Local directory — a self-contained HuggingFace-format model directory (config, tokenizer, weights), declared via model_dir in delft/resources-registry.json.
Plain (legacy) checkpoint — separate config, weights and vocabulary files, declared via path-config, path-weights and path-vocab entries. Used to load older BERT-style checkpoints downloaded directly from the original GitHub releases.
HuggingFace Hub — fetched online by name when no registry entry matches.
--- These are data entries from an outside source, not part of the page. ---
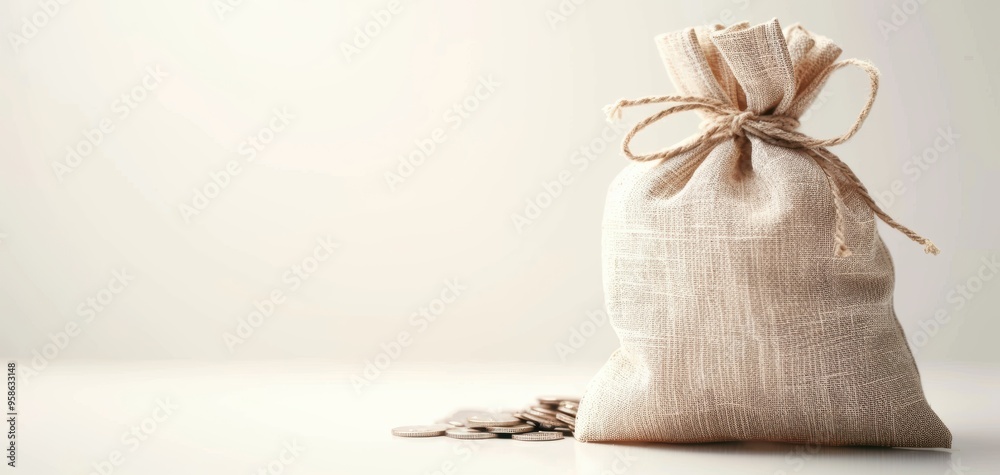 Aufkleber a white bag with a brown string tied to it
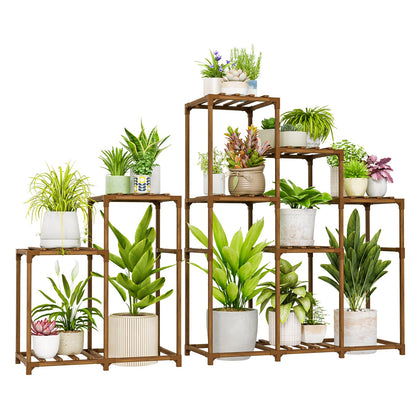 Bamworld tall plant stand with wooden shelves ideal for tall indoor plants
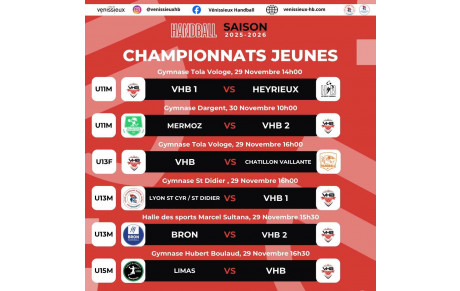 Programme du week-end 29 et 30/11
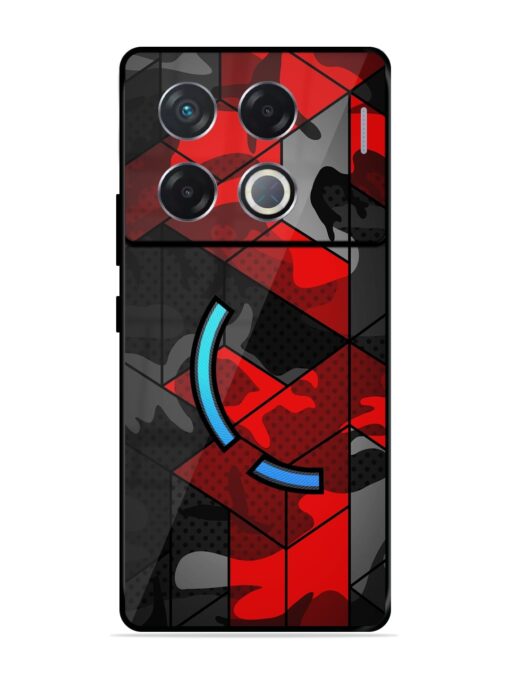 Royal Red Camouflage Pattern Glossy Metal Phone Cover for Infinix Gt 20 Pro (5G) Zapvi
Requires network access; private repositories require HF_ACCESS_TOKEN in the environment.

The selection logic is implemented in delft/utilities/Transformer.py (configure_from_registry / init_preprocessor / instantiate_layer).

Loading sources

Transformer	Description	Registry entry?	Hugging Face Hub?	Loader path (`Transformer.py`)
`allenai/scibert_scivocab_cased`	SciBERT pulled from the Hub by name	no	yes	`LOADING_METHOD_HUGGINGFACE_NAME` — `AutoModel.from_pretrained(name)`
`portiz/matbert`	RoBERTa-based model saved locally as a HF directory	yes — only `model_dir` is needed	no	`LOADING_METHOD_LOCAL_MODEL_DIR` — `AutoModel.from_pretrained(model_dir)`
`scibert` (legacy GitHub release)	Original SciBERT TF1 checkpoint with separate files	yes — `path-config`, `path-weights`, `path-vocab` required	no	`LOADING_METHOD_PLAIN_MODEL` — `BertTokenizer.from_pretrained(path-vocab)` + manual config/weights load

Configuration examples

Local HuggingFace-format directory (preferred for local models):

{
    "name": "portiz/matbert",
    "model_dir": "/Users/lfoppiano/development/projects/embeddings/pre-trained-embeddings/matbert",
    "lang": "en"
}

Plain (legacy) checkpoint with separate config / weights / vocabulary files:

{
    "name": "dmis-lab/biobert-base-cased-v1.2",
    "path-config": "/media/lopez/T5/embeddings/biobert_v1.2_pubmed/bert_config.json",
    "path-weights": "/media/lopez/T5/embeddings/biobert_v1.2_pubmed/model.ckpt-1000000",
    "path-vocab": "/media/lopez/T5/embeddings/biobert_v1.2_pubmed/vocab.txt",
    "lang": "en"
}

Hub-only (no registry entry needed) — just pass the Hub model id on the command line:

python -m delft.applications.grobidTagger header train --architecture BERT_CRF --transformer allenai/scibert_scivocab_cased

Notes

For models whose Hub name contains cased or uncased, DeLFT forces do_lower_case accordingly to work around tokenizers shipped without an explicit casing configuration (see Transformer.py:122-147 and issue #144).
When DeLFT saves a fine-tuned model, the transformer layer is serialized inside the model directory using a fourth (internal) loading method, LOADING_METHOD_DELFT_MODEL, with the file name transformer-config.json. This is automatic and not user-configurable.